For the first time, load-bearing structures like bridges and shelters can be made with origami modules—versatile components that can fold compactly and adapt into different shapes, a new study shows.

It’s an advance that could enable communities to quickly rebuild facilities and systems damaged or destroyed during natural disasters, or allow for construction in places that were previously considered impractical, including outer space. The technology could also be used for structures that need to be built and then disassembled quickly, such as concert venues and event stages.

“With both the adaptability and load-carrying capability, our system can build structures that can be used in modern construction,” says Evgueni Filipov, an associate professor of civil and environmental engineering and of mechanical engineering at the University of Michigan and a corresponding author of the study in Nature Communications.

Principles of the origami art form allow for larger materials to be folded and collapsed into small spaces. And with modular building systems gaining wider acceptance, the applications for components that can be stored and transported with ease have grown.

Researchers have struggled for years to create origami systems with the necessary weight capacities while keeping the ability to quickly deploy and reconfigure. The University of Michigan engineers have created an origami system that solves that problem. Examples of what the system can create include:

• A 3.3-foot-tall column that can support 2.1 tons of weight while itself weighing just over 16 pounds, and with a base footprint of less than 1 square foot.
• A package that can unfold from a 1.6-foot-wide cube to deploy into different structures, including: a 13-foot-long walking bridge, a 6.5-foot-tall bus stop, and a 13-foot-tall column.

A key to the breakthrough came in the form of a different design approach provided by first author Yi Zhu, a research fellow in mechanical engineering.

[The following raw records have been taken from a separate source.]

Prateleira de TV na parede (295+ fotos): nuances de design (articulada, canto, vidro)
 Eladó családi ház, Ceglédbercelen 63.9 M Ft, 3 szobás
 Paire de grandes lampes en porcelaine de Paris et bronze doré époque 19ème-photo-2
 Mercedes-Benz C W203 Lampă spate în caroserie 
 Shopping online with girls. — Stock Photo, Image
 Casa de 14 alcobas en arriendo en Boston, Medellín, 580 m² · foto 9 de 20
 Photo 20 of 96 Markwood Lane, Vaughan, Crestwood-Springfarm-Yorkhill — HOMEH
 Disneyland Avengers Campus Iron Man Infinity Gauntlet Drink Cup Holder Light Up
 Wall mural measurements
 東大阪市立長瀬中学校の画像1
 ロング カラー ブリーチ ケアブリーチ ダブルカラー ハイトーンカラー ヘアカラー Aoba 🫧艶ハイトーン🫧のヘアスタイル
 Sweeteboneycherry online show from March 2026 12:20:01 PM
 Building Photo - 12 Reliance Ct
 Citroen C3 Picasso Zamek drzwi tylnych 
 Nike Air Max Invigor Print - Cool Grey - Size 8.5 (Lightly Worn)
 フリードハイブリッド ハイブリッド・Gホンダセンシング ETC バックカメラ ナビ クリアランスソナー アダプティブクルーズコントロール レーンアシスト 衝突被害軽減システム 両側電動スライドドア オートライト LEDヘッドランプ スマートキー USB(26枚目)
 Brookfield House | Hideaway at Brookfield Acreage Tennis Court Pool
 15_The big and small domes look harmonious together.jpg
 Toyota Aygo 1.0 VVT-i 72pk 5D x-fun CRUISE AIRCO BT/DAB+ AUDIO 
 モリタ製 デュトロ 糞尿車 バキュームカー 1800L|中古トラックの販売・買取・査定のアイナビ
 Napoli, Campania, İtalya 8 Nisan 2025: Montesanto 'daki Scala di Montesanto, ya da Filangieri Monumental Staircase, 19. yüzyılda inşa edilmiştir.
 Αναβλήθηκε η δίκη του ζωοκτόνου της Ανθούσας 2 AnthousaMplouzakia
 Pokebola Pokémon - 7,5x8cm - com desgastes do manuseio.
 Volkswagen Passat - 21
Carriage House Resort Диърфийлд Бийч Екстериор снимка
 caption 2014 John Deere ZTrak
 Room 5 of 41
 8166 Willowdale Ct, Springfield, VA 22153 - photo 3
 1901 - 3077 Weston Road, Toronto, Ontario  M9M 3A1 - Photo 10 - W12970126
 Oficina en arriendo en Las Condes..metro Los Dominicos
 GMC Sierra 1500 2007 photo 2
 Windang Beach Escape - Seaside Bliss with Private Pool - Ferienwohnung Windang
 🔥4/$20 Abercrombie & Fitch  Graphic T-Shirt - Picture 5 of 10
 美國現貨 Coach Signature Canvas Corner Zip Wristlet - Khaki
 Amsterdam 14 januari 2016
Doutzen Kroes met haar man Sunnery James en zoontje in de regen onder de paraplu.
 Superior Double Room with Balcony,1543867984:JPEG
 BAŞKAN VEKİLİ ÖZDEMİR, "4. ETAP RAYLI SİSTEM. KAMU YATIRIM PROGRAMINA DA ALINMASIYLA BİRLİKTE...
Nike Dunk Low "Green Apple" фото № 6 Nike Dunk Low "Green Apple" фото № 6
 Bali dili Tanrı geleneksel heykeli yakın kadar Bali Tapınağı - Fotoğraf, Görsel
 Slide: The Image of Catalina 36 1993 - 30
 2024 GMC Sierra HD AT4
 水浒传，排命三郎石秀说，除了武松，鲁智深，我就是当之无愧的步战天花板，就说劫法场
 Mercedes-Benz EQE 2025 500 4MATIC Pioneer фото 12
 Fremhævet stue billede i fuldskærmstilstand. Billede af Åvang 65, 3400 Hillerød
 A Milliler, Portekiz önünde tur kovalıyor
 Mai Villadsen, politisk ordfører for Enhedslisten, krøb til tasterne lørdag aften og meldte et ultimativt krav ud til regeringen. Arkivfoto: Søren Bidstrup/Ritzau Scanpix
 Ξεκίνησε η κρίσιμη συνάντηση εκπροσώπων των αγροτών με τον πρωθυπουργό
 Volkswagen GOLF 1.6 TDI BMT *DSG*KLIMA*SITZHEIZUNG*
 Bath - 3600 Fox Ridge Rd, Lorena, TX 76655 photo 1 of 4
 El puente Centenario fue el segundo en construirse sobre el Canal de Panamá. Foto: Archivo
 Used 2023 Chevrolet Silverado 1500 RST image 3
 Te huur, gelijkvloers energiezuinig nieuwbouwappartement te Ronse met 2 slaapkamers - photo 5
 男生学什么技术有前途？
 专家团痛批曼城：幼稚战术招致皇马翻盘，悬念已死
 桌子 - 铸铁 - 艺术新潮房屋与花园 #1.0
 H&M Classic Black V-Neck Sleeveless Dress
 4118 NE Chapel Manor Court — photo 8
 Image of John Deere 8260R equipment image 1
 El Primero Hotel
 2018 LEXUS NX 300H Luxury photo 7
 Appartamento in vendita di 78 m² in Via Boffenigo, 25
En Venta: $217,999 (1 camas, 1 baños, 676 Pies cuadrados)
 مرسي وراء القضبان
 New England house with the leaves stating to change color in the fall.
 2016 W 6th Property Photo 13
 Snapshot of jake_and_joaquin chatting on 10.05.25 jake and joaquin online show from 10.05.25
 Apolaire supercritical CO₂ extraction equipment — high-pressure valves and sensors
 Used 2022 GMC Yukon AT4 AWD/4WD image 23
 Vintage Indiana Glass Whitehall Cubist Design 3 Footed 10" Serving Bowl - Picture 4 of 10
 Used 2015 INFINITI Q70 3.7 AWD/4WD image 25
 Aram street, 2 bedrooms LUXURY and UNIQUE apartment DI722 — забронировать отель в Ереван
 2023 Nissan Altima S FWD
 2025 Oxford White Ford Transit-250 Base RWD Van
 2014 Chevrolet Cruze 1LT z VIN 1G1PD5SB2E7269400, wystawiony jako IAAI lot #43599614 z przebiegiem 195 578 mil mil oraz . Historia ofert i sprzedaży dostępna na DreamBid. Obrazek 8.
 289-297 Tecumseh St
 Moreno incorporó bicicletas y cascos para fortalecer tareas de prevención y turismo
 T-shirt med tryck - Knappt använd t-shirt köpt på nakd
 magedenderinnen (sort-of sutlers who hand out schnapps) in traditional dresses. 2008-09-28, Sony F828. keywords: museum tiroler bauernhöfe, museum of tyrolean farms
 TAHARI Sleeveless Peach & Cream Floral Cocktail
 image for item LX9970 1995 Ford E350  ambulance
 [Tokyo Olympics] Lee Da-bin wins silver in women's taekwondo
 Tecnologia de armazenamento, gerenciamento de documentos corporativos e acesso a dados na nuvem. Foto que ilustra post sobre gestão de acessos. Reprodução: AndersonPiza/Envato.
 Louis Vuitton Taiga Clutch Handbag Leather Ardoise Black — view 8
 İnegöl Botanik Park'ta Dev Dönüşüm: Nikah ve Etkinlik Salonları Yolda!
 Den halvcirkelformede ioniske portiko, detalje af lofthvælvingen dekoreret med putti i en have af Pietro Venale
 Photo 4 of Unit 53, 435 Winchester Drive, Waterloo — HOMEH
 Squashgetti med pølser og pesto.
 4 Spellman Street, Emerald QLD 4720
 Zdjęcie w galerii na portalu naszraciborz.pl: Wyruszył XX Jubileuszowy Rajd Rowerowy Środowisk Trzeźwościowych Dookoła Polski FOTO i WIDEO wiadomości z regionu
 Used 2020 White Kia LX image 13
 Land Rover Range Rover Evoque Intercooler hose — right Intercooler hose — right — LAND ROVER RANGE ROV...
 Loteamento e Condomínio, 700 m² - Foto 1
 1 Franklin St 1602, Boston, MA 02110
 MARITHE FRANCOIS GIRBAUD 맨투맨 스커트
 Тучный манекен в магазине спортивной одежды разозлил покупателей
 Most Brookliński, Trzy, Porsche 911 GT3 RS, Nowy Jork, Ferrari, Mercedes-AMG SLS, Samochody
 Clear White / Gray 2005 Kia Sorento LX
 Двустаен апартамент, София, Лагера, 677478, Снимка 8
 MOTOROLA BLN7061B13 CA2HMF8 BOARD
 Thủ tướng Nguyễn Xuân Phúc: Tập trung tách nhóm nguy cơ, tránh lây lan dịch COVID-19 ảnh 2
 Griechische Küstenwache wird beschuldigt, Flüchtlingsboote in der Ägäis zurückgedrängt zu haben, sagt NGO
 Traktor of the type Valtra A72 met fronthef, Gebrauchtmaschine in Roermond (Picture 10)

“When people work with origami concepts, they usually start with the idea of thin, paper-folded models—assuming your materials will be paper-thin,” Zhu says. “However, in order to build common structures like bridges and bus stops using origami, we need mathematical tools that can directly consider thickness during the initial origami design.”

To bolster weight-bearing capacity, many researchers have attempted to thicken their paper-thin designs in varying spots. The University of Michigan team, however, found that uniformity is key.

“What happens is you add one level of thickness here, and a different level of thickness there, and it becomes mismatched,” Filipov says. “So when the load is carried through these components, it starts to cause bending.

“That uniformity of the component’s thickness is what’s key and what’s missing from many current origami systems. When you have that, together with appropriate locking devices, the weight placed upon a structure can be evenly transferred throughout.”

In addition to carrying a large load, this system—known as the Modular and Uniformly Thick Origami-Inspired Structure system—can adapt its shapes to become bridges, walls, floors, columns, and many other structures.

The new research was helped along by use of its Sequentially Working Origami Multi-Physics Simulator (SWOMPS), a simulator that accurately predicts the behaviors or large-scale origami systems. Developed at the University of Michigan, the system has been available to the public since 2020.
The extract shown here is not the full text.